По мере того как я подрастала, моя привязанность к Н. И. все усиливалась. Меня уже не удовлетворяло довольно частое пребывание Н. И. у нас. К тому же мне было ясно, что я есть нечто сопутствующее Ларину, ко мне бы он не приходил (так было до 1930 года), и я тосковала. По приезде из Сочи (в ту пору мне было одиннадцать лет) я написала Н. И. стихи:

Видеть я тебя хочу.

Без тебя всегда грушу.

Показала стихи отцу, он сказал: «Прекрасно! Раз написала, пойди и отнеси их своему Николаше». Но пойти к нему с такими стихами я постеснялась. Отец предложил отнести стихи в конверте, на котором написал: «От Ю. Ларина». Я приняла решение позвонить в дверь, отдать конверт и тотчас же убежать. Но получилось все не так Только я спустилась по лестнице с третьего этажа на второй, как неожиданно встретила Сталина. Было ясно, что он идет к Бухарину. Недолго думая, я попросила его захватить Бухарину письмо от Ларина.

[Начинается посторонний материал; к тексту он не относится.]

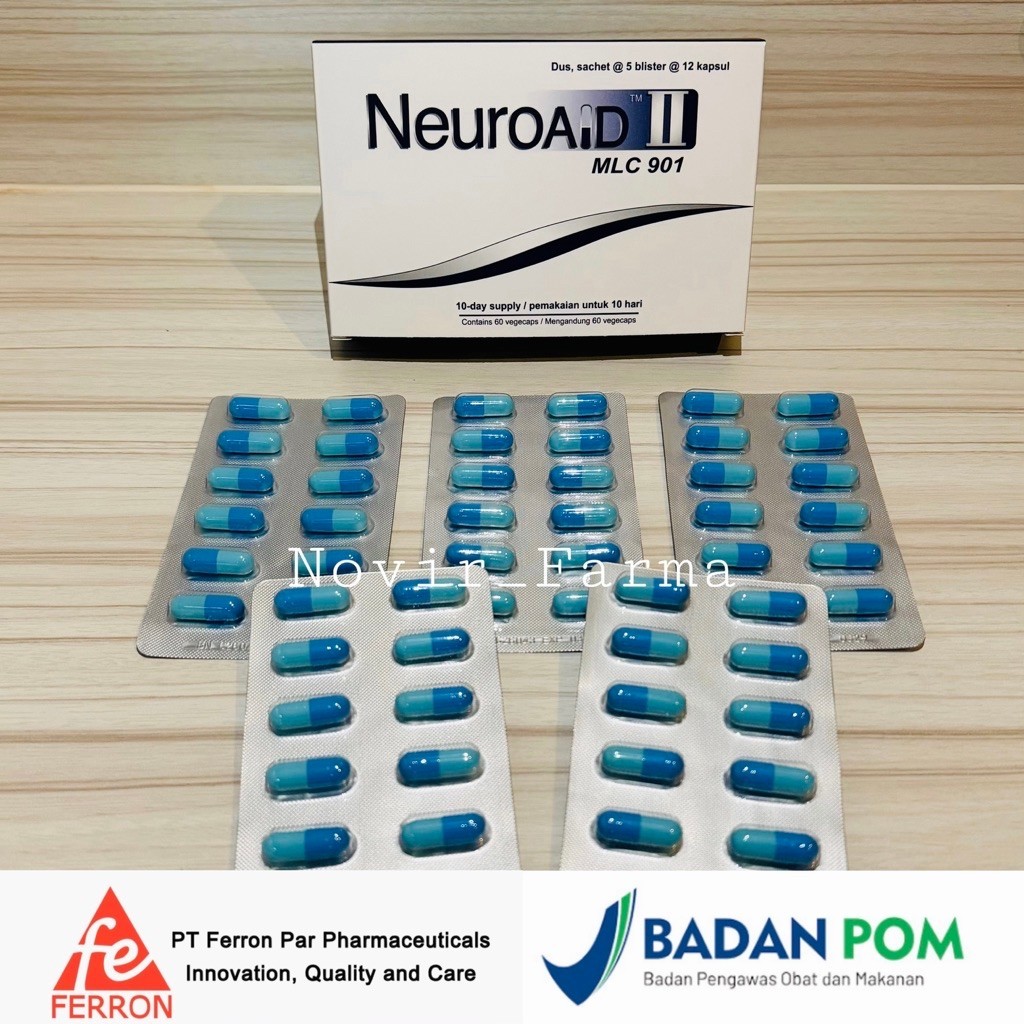 Neuroaid II MLC 901 (Per Strip)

Так, через Сталина я передала Бухарину свое детское объяснение в любви. Сразу же раздался телефонный звонок Н. И. просил прийти. Но я пойти к нему не решилась.

Я оказалась в Крыму одновременно с Николаем Ивановичем случайно; приехала с больным отцом и жила с ним в Мухалатке, доме Отдыха для членов Политбюро и других руководителей. Н. И. умышленно избрал другое место и жил уединенно на даче в Гурзуфе. Вскоре после приезда в Мухалатку мы навестили его. Н. И. производил удручающее впечатление: осунувшийся, исхудавший, ослабленный, грустный. Не могло быть и речи, чтобы в таком состоянии присутствовать на съезде. Через несколько дней мы вновь его увидели, он был несколько крепче физически, но в таком же, если не в более подавленном состоянии. В обоих случаях мы заставали его в постели.

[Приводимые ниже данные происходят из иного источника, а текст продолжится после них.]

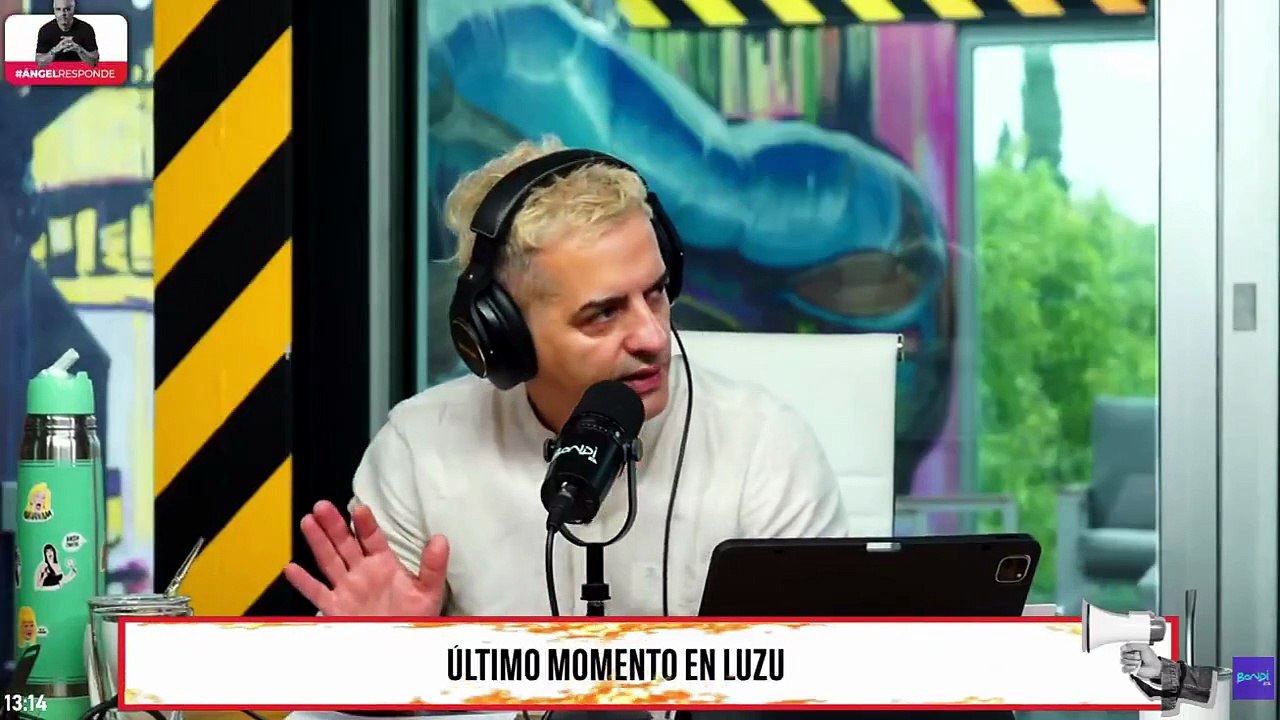 Ángel de Brito reveló la tajante decisión de Nico Occhiato sobre Florencia Peña y Luzu TV: "Sin..."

Никакой регулярный транспорт, ни морской, ни сухопутный, из Мухалатки в Гурзуф в то время не ходил. С отцом я имела возможность ездить на легковой машине дома отдыха, а без него добиралась на грузовой, ездившей в Гурзуфские ремонтные мастерские.

Впервые я отправилась одна из Мухалатки еще на рассвете и ранним утром была в Гурзуфе.

Н. И. был обрадован моим приездом. «Я предчувствовал, что сегодня ты обязательно приедешь!» — воскликнул он.

Мы наскоро позавтракали и спустились по крутой дорожке к морю. Н. И. захватил с собой книгу, завернутую в газету. Было тихое утро. Небольшая ласковая волна, чуть пенясь, плескалась у берега и, шевеля морские камешки, издавала шуршащий успокаивающий звук, похожий на вздох.

Мы уселись меж скал, одна из них нависала над нашими головами и давала приятную тень. На мне было голубое ситцевое платье с широкой каймой из белых ромашек, черные косы свисали почти до самой каймы.

— Ты как-то незаметно выросла, — сказал Н. И., — стала взрослой.